Female students are more likely to get lower scores on physics exams than male counterparts, even though they give identical answers, researchers at a Swiss university found.
Sarah Hofer and a group of researchers from ETH Zurich asked high school physics teachers with limited teaching experience to grade an online written exam question. A total of 780 instructors from Germany, Austria and Switzerland were given a fictional and only partially correct answer to an exam question in the field of classical mechanics.
The only difference — half the instructors were led to believe the student was male and the other half thought the student was female, according to the study published in the International Journal of Science Education.

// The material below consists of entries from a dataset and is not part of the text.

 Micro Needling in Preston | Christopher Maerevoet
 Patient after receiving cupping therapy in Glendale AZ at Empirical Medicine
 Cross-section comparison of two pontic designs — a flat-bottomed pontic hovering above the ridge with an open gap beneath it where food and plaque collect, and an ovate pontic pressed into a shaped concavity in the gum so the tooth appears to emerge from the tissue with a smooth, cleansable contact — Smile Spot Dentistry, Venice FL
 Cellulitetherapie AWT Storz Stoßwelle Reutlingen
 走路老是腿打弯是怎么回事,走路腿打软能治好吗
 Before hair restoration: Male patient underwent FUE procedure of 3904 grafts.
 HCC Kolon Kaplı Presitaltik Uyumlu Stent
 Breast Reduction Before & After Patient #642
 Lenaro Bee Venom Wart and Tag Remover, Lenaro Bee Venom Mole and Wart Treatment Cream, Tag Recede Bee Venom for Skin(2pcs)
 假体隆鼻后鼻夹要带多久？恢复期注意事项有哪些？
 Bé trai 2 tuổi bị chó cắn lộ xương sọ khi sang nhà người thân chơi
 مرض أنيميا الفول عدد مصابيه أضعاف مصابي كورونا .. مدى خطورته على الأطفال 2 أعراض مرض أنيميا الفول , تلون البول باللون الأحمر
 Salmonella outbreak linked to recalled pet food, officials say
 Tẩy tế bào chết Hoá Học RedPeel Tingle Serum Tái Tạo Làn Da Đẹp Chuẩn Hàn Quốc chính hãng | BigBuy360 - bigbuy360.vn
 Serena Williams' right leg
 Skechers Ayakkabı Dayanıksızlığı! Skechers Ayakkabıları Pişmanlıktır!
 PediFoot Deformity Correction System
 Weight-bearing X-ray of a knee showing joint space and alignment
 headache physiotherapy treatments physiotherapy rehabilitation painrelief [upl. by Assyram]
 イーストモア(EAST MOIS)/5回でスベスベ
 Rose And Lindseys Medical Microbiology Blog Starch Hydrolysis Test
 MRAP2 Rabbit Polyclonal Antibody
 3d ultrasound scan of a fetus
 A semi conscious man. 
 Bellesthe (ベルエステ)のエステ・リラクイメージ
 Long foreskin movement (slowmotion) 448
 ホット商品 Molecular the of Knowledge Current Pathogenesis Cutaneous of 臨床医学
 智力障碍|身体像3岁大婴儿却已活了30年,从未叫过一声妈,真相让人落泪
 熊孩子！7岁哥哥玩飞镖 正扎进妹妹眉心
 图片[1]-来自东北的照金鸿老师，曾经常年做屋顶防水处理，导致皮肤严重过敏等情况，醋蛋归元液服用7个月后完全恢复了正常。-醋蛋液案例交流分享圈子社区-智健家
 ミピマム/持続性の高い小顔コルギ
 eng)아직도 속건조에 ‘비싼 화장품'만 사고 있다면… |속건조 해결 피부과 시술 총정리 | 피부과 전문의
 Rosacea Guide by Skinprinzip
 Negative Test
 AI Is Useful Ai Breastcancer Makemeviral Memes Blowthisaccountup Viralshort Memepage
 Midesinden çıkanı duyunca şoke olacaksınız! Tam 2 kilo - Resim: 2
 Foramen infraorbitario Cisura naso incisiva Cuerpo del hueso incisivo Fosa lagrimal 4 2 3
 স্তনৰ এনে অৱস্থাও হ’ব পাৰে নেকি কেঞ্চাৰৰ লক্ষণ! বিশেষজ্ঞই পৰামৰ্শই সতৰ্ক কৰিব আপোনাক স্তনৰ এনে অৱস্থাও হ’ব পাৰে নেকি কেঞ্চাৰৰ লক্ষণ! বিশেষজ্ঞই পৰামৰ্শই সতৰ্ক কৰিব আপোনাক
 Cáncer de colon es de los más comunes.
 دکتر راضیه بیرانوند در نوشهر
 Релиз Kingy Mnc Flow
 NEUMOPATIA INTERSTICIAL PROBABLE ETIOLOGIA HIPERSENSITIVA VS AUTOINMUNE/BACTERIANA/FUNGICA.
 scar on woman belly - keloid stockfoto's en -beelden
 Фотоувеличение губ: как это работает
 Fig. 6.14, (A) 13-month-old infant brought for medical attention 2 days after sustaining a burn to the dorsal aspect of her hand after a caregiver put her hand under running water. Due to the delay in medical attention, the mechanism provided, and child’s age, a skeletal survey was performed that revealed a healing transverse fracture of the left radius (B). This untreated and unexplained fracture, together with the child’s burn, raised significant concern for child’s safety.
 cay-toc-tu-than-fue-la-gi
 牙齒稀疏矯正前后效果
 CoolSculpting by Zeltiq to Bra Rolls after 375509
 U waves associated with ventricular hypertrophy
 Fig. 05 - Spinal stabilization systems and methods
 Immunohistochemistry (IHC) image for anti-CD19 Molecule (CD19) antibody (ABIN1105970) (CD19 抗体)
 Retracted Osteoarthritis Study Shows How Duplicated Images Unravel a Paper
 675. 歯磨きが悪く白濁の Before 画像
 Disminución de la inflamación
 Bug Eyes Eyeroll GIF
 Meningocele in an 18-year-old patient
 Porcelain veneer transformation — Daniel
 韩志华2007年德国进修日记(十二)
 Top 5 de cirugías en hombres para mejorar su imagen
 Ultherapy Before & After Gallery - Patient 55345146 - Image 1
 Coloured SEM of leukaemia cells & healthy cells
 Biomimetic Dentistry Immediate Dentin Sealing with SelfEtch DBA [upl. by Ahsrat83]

Researchers noted that while teachers with ten or more years of experience showed no bias, less-experienced teachers graded the students they thought were women with lower scores.
“Teachers with less teaching experience are possibly more guided by the bias that girls are worse in physics than boys when grading,” Hofer said, according to ETH Zurich’s publication.
In Germany, male teachers with less experience were less likely to show bias than their female counterparts — a result the researchers were unable to explain with the data from this experiment.
Elizabeth Stern, professor for Empirical Educational Research, said the difference in grades for the exact same answer is part of a problem in academia with girls entering what are known as STEM fields — science, technology, engineering and mathematics.
“Girls and women cannot count on being rewarded for their effort,” she said. “As a girl, when you already have the feeling in school that you won’t be fairly graded in sciences, then you tend to lose interest in these subjects.”
The researchers said the experiment proves that more focus needs to be placed on training teachers — and suggested teachers should cover the names of students while grading.